Le professeur ne se conforme pas non plus à son obligation de convivialité en milieu de travail. L’arbitre cite des autorités pour cette obligation, intégré à l’obligation de loyauté prévue à l’article 2088 du Code civil du Québec. Cette obligation doit être analysée au cas par cas et peut varier en fonction du poste, du milieu et de la profession du salarié. Il s’agit de « l’ensemble d’attitudes propres à favoriser la communication, le commerce, le dialogue et la coopération entre les membres de l’entreprise. » (paragraphe 393 de la sentence arbitrale, références omises).
Le professeur A appuie grand nombre de ses agissements sur la notion de liberté universitaire.
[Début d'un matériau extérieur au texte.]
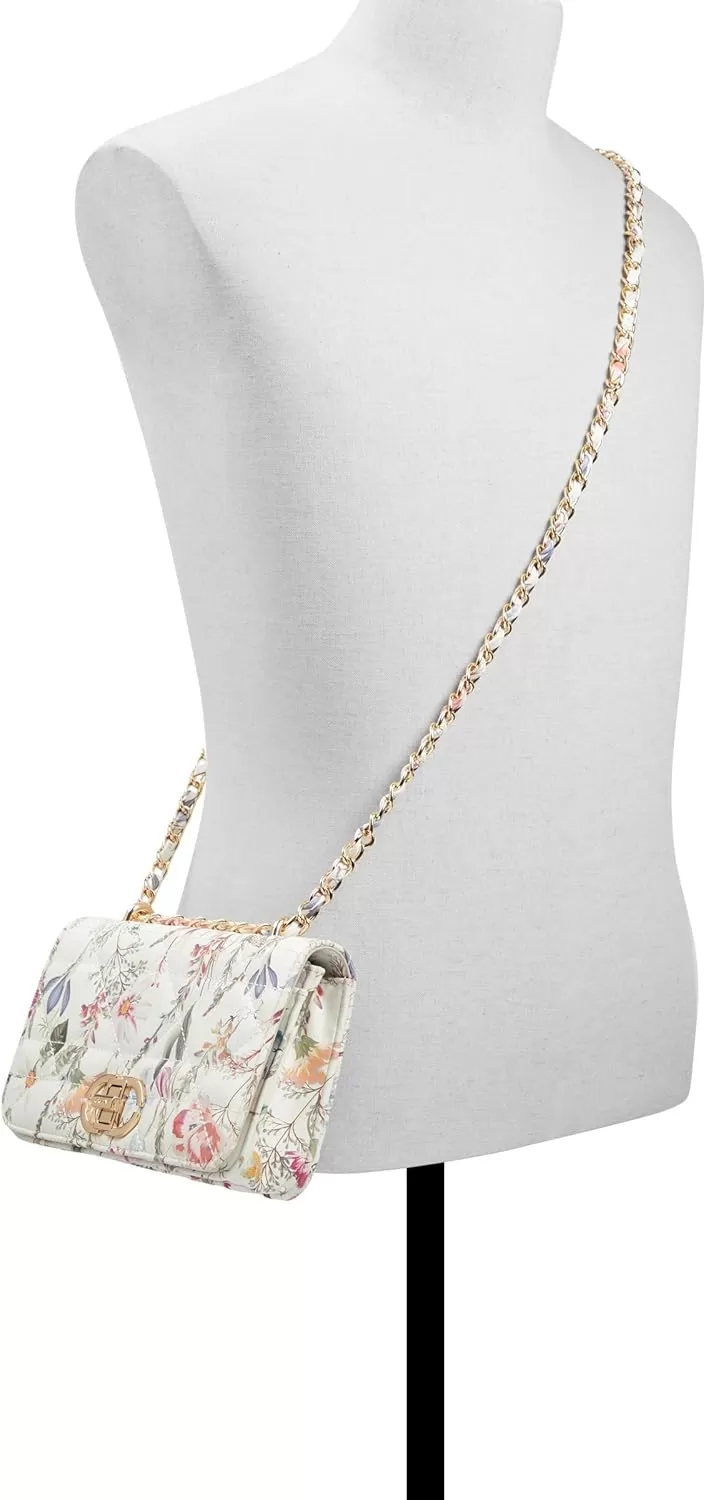imageALDO Womens Bennaax HandbagPink Overflow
L’arbitre n’est pas d’accord avec lui. Il note que la liberté universitaire donne de grands privilèges et, conséquemment, impose de grandes responsabilités. Il faut être conscient que la liberté universitaire n’évolue pas en vase clos en droit civil québécois. En effet, les professeurs universitaires demeurent soumis à leurs obligations de loyauté, civisme et civilité en vertu du Code civil du Québec. Le Code prévoit également aux articles 6 et 7 du les exigences de la bonne foi et la prohibition de l’abus de droit. La liberté universitaire des uns est également limitée par la liberté universitaire des autres.
Finalement, le tribunal constate l’absence de volonté de s’amender du professeur à l’audience, d’autant plus qu’il justifie ses agissements par sa vision erronée de la liberté universitaire. Ce facteur est considéré pour maintenir la sanction.
Ainsi, le grief est rejeté et la sanction de l’université est maintenue.